- _Dataset entries_:
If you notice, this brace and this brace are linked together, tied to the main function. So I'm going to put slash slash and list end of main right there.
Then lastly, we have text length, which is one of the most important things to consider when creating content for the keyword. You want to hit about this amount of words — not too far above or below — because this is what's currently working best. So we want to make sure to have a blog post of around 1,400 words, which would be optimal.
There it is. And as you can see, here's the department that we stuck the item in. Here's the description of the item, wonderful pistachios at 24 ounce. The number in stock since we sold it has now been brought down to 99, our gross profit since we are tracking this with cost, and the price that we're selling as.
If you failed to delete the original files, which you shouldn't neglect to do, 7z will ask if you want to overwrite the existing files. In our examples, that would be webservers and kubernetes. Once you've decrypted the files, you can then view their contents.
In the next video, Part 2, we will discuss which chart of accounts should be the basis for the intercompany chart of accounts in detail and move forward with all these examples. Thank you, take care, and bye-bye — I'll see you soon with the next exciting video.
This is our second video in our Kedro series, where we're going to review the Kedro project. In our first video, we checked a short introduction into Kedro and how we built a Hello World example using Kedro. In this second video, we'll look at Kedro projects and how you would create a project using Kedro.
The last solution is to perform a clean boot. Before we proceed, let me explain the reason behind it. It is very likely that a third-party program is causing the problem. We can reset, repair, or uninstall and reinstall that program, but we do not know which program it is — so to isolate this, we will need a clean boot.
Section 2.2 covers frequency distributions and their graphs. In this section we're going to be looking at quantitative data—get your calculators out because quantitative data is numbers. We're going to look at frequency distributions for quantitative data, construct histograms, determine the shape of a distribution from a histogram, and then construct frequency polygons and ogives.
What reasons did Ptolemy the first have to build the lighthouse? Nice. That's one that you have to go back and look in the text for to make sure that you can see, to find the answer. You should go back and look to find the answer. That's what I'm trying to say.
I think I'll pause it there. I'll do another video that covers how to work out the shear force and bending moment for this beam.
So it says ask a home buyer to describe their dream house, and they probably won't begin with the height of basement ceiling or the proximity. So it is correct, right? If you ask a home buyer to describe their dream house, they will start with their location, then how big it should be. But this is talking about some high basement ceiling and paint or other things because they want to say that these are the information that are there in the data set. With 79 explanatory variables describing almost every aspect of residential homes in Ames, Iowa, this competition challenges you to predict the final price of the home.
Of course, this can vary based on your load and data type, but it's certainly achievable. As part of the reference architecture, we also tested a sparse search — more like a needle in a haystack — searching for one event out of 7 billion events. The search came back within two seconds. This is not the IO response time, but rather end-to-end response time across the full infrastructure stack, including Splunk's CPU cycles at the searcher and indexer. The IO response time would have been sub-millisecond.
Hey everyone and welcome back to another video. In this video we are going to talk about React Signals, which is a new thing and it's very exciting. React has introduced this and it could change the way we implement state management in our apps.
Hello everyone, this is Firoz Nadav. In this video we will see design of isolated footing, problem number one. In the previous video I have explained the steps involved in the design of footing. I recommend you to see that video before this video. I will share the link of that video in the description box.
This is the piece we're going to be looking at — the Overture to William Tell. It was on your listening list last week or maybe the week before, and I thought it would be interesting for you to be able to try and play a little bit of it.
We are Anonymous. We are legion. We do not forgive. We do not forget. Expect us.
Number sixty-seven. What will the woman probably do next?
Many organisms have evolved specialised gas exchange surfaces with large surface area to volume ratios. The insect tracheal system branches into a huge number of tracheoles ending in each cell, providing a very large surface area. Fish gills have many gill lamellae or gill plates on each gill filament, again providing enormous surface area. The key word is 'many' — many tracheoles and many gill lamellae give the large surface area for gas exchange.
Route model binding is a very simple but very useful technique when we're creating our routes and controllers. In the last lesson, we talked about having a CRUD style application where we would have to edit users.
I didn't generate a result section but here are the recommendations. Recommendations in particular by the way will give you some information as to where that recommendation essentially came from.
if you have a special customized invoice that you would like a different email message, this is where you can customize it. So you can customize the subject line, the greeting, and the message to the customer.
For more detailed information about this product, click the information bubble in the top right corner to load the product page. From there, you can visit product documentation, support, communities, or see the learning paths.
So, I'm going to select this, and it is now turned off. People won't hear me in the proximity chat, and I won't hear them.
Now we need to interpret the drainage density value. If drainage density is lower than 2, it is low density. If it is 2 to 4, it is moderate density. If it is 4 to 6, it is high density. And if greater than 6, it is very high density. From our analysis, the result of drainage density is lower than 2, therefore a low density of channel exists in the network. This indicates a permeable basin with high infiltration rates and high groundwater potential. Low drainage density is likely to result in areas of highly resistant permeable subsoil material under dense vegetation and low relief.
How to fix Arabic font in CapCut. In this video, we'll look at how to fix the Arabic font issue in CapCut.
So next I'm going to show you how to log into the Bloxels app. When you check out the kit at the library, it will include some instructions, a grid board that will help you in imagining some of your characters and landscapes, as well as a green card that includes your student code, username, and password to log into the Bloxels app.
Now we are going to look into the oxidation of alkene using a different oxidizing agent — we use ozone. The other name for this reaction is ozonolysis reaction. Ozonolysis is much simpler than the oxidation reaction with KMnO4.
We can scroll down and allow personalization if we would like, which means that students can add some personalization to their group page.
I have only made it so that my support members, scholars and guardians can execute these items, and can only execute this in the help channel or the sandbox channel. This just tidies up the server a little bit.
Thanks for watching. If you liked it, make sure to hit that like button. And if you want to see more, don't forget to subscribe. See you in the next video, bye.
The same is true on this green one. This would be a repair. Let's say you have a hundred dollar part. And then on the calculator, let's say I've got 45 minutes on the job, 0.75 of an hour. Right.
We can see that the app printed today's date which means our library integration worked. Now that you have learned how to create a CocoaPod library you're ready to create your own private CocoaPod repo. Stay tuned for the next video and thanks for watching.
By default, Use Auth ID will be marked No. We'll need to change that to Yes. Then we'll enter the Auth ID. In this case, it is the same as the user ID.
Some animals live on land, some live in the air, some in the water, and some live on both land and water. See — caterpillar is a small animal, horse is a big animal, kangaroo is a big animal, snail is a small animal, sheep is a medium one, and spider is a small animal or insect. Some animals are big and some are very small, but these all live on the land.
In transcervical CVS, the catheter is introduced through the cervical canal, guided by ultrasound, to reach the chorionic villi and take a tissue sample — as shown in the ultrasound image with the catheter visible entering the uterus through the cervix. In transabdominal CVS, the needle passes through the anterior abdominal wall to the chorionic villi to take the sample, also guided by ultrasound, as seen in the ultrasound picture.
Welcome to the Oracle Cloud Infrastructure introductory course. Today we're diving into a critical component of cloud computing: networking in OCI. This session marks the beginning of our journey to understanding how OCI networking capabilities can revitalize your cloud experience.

- _PROBLEM DETAILS_:
Look through the records for the word "same". Every line that has it should be copied.

- _YOUR SOLUTION_:
The same is true on this green one. This would be a repair. Let's say you have a hundred dollar part. And then on the calculator, let's say I've got 45 minutes on the job, 0.75 of an hour. Right.
By default, Use Auth ID will be marked No. We'll need to change that to Yes. Then we'll enter the Auth ID. In this case, it is the same as the user ID.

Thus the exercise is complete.